GR 47580; (June, 1941) (Digest)
G.R. No. 47580 ; June 17, 1941
SIMEON MANDAC, petitioner, vs. THE COURT OF APPEALS and VICTORINO SALES, QUIRINO SALES and MARCELO GARVIDA, respondents.
FACTS
Petitioner Simeon Mandac filed an action in the Court of First Instance of Ilocos Norte against respondents Victorino Sales, Quirino Sales, and Marcelo Garvida for the recovery of a parcel of land in Bangui, Ilocos Norte. The trial court rendered judgment declaring Mandac the owner of the land, ordering the Sales brothers to return possession to him and pay for the value of the products taken from 1935-1936 onwards, and dismissing the case against Marcelo Garvida. The Court of Appeals reversed this judgment and absolved all defendants.

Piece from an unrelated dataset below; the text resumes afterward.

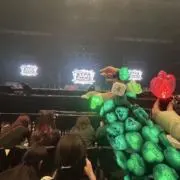 るあ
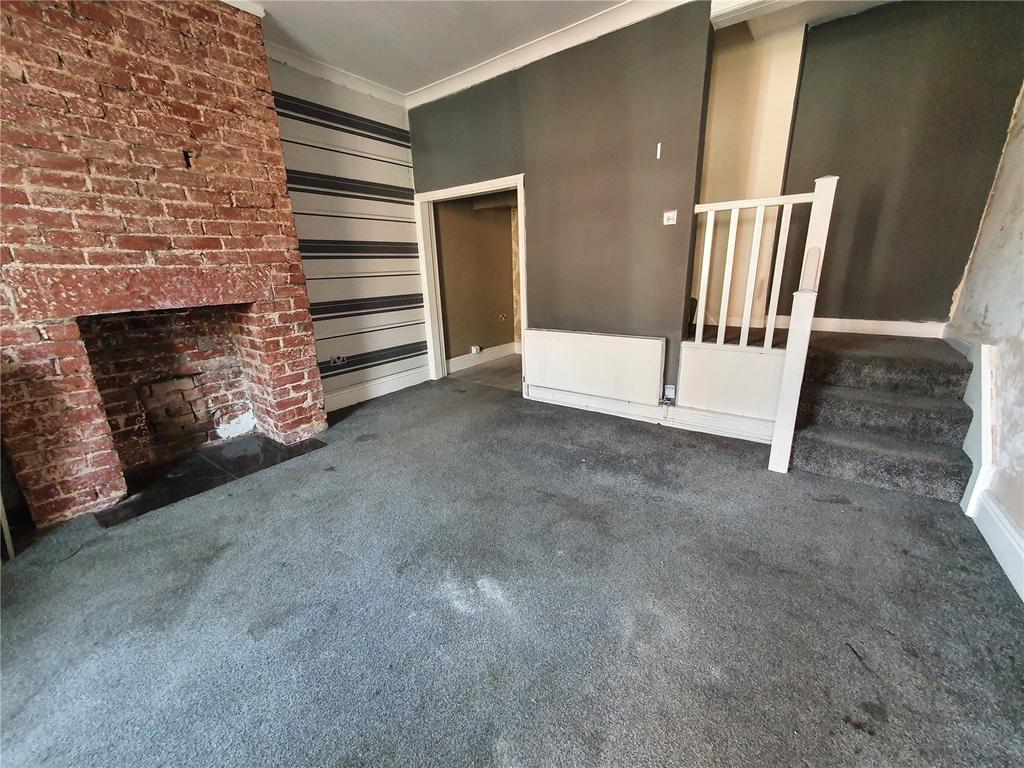 Kirby Road, Blackburn, BB2 2 bed terraced house £60,000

The trial court found that the land in question, along with nine other parcels owned by the heirs of Teodoro Ramiscal, was sold to Mandac in 1923. The heirs remained on the land as his tenants. A prior case ( G.R. No. 38833 ) involved Mandac and the Ramiscal heirs versus Marcelo Garvida concerning the possession and ownership of the sold parcels (though the specific lot in this case was not then in dispute). The Supreme Court in that prior case upheld the ownership right of the Ramiscal heirs and its transfer by sale to Mandac, finding the heirs were in possession under a claim of ownership from their father’s death until the sale.

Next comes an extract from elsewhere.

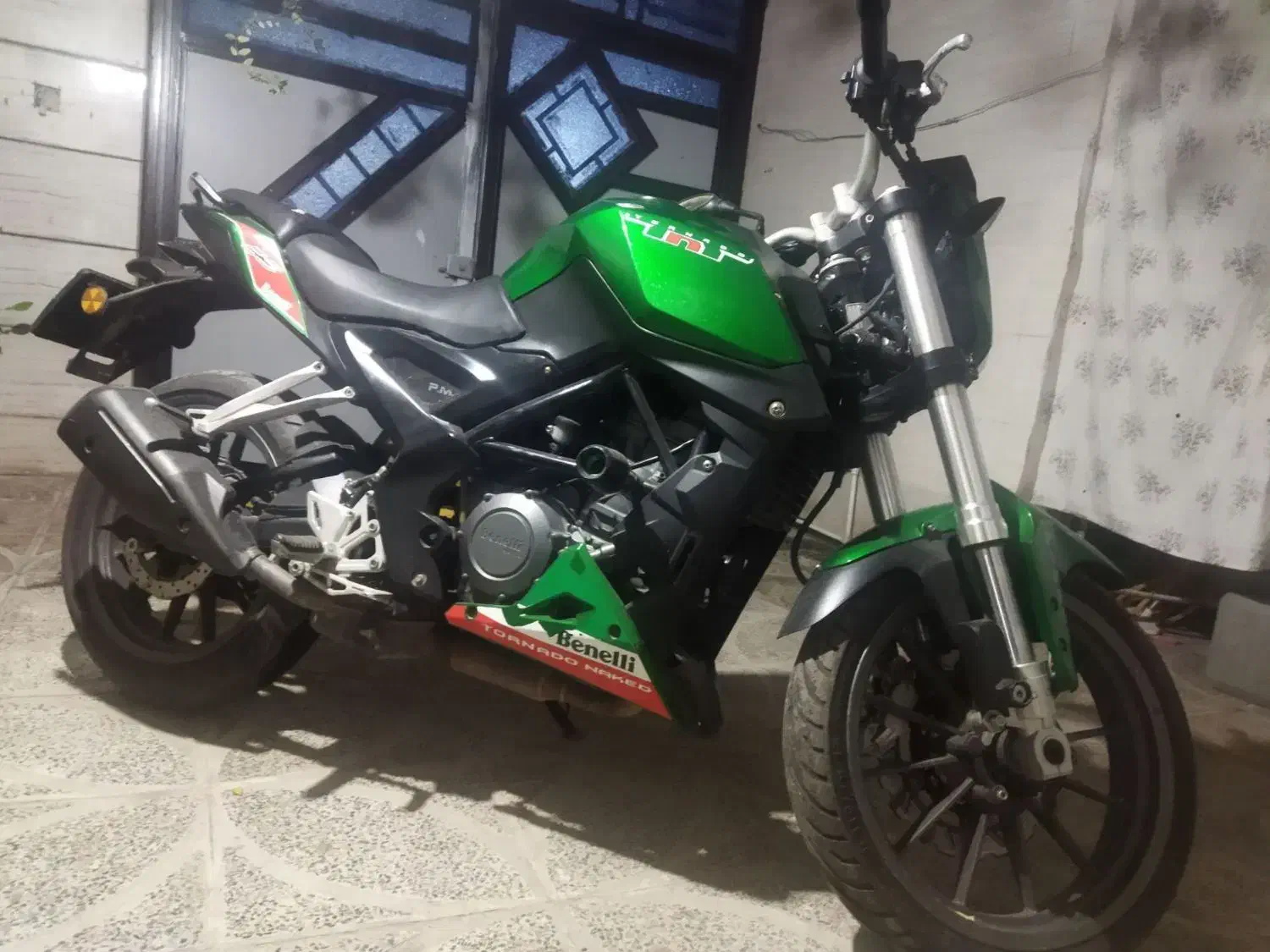 بنلی 250|موتورسیکلت|خرم‌آباد, |دیوار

The Court of Appeals, however, found a basic fact that Teodoro Ramiscal “was nothing more than a tenant or colonist of Ambrosio Segucio,” who, according to respondents, conveyed the land to respondent Victorino Sales.
ISSUE
Whether the Court of Appeals erred in making a factual finding contrary to the Supreme Court’s prior conclusion in G.R. No. 38833 regarding the nature of the Ramiscal heirs’ possession.
RULING
No, the Court of Appeals did not err. The Supreme Court affirmed the judgment of the Court of Appeals.
The prior judgment in civil case No. 38833 has no binding force upon the parcel in question in this case or upon respondents Victorino and Quirino Sales for two reasons: (1) the specific land now in dispute, though part of the ten parcels sold to Mandac, was not in dispute in the prior case; and (2) the respondents Victorino and Quirino Sales were not parties to that prior case. Consequently, the rule on conclusiveness of judgment (Section 307 of Act No. 190 , now Rule 139, Section 45 of the Rules of Court) does not apply. The Court of Appeals was therefore free to make its own factual finding on the matter.
The other questions raised by the petitioner pertain to matters of fact, and the conclusions of the Court of Appeals on these points are final and cannot be disturbed.